Ou encore : « Votre socialisme c’est du capitalisme d’État, c’est le contraire du communisme« . En vérité, les Soviétiques ont pu voir ce que signifiait réellement l’arrivée du capitalisme dans leur pays. C’était sous Gorbatchev et Eltsine et cela a coûté -40% de la production industrielle en dix ans, et la réduction de dix ans d’espérance de vie, l’humiliation de tout un peuple et j’en passe.Normalement, les adeptes de ces tours de passe-passe sont le plus souvent des petits-bourgeois qui n’ont jamais milité de leur vie et ne se sont jamais heurtés ni à un patron ni à la moindre réalité tangible.
« Le solipsiste est un fou dans un bunker imprenable« , disait Schopenhauer. C’est ce que Francis Cousin appelle, dans son éloge de Ratier, les « gens qui comme moi sont dans une radicalité de l’au-delà« . Ancrés dans leurs certitudes et leur radicalisme impuissant, ces debordiens ont toujours raison par rapport au réel, surtout si le réel, ce sont les puissances obscures, le spectacle, bref tout ce qui entrave l’idée magnifiée qu’ils se font d’une sorte de communisme primitif dans lequel il suffirait de se plonger comme dans un bain de jouvence. Pour les plus cultivés d’entre eux, ils agitent Les Manuscrits de 1844 dont le projet émancipateur radical, certes, sera toujours plus chamarré que la « réalité rugueuse à étreindre ». C’est ainsi qu’avec un marxisme pour classes terminales où « baisse tendancielle du taux de profit » et « fétichisme de la marchandise » sont brandis à toutes les sauces, on parvient toujours à en imposer. Il suffit seulement de ne pas s’adresser à des marxistes, des syndicalistes, des militants, des scientifiques, et le tour est joué. Cousin aura simplement poussé le paradoxe jusqu’à parler marxisme en priorité à des anticommunistes rabiques.
Le calcul n’est pas si aberrant. De même qu’on sait que dans ces milieux tout antisémite a son « bon juif », Radio Courtoisie, entre deux évocations du Baptême de Clovis, ou des rois guérisseurs d’écrouelles, peut avoir besoin de temps en temps d’une « critique radicale » du spectacle.
L’important pour Cousin, on l’aura compris, c’est la ra-di-ca-li-té : « Debord, c’est l’absolue radicalité qui abolit la marchandise ; Clouscard ça ne débouche pas sur une radicalité anti-marchandise« . Exemple assez révélateur de la vacuité de l’analyse : Clouscard avait bien vu comment la critique de la prétendue « société de consommation » (dont la « société du spectacle » est la version chic) servirait d’éteignoir à la contestation et de servitude volontaire sous couvert d’ascétisme.

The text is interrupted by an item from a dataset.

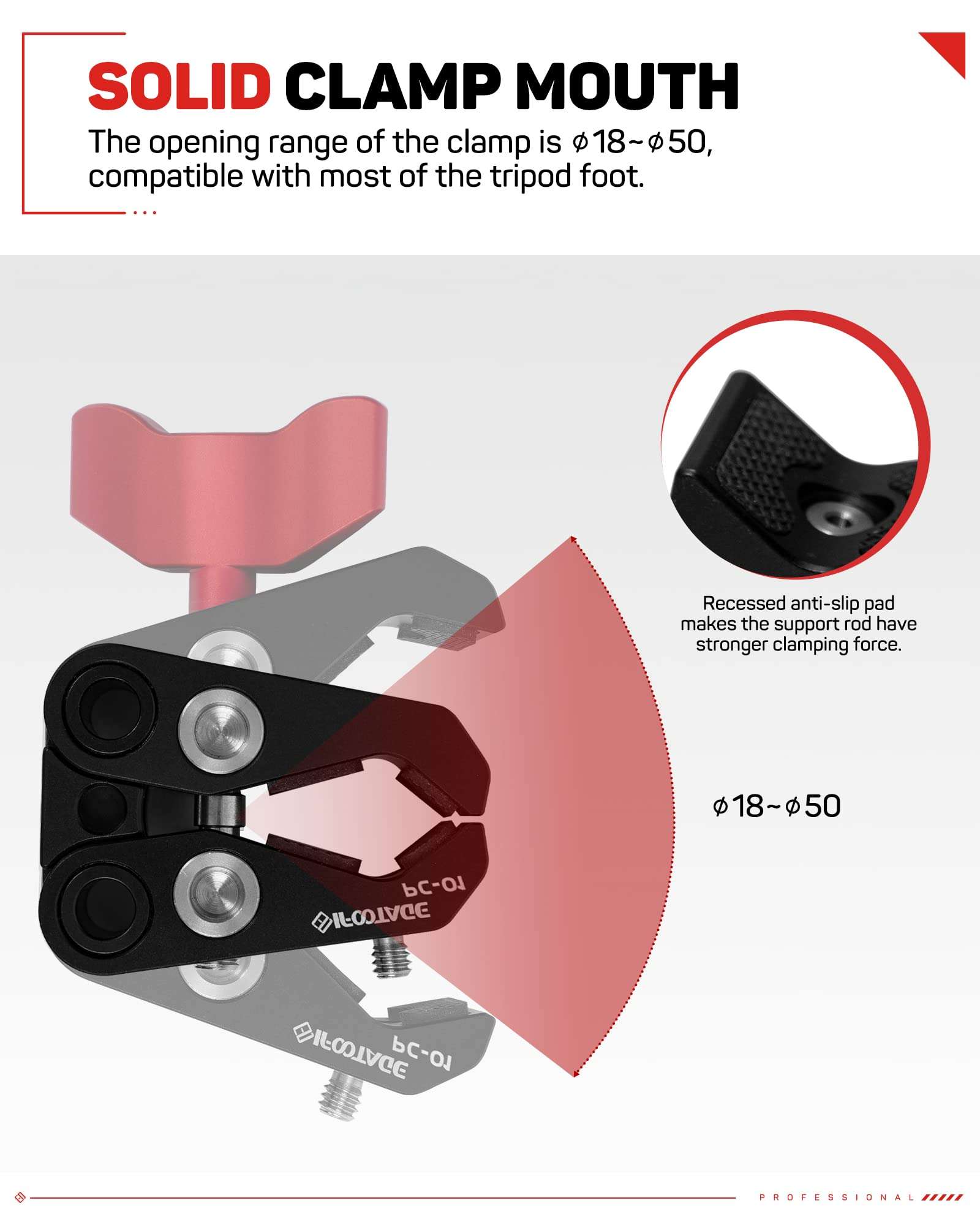 IFOOTAGE Camera Clamp PC-01 4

La récente biographie de Guy Debord, Debord le naufrageur, d’un grand sérieux archivistique, signée Jean-Marie Apostolidès, montre bien les petits arrangements sordides entre amis du même monde et ce qui fut au fond, une fois délestée de son substrat marxiste, hégélien et jeune-lukacsien, une vaste imposture intellectuelle : après avoir vécu toute sa vie au crochet d’une rêveuse bourgeoisie désocialisée, Debord se présentait lui-même en fin de parcours comme un grand flibustier, bateleur et arnaqueur de « caves ».
Il reste donc à espérer que M. Cousin, à l’instar de son modèle, ne croit pas une seconde à ce qu’il dit, et se contente simplement de pêcher en eaux troubles auprès de petits fafs qui pensent que reprocher à un communiste d’être communiste, ce qui représente pourtant le degré zéro de l’analyse politique, suffit à faire de vous un penseur de notre temps.
Aymeric Monville, 27 février 2017
(1) : Pour reprendre cette « perle », révélatrice de la mentalité fasciste, qu’on doit à Abel Bonnard, ministre de Vichy parlant de sa découverte enthousiaste des défilés nazis dans l’Allemagne d’avant la guerre (cf. son livre Les Modérés).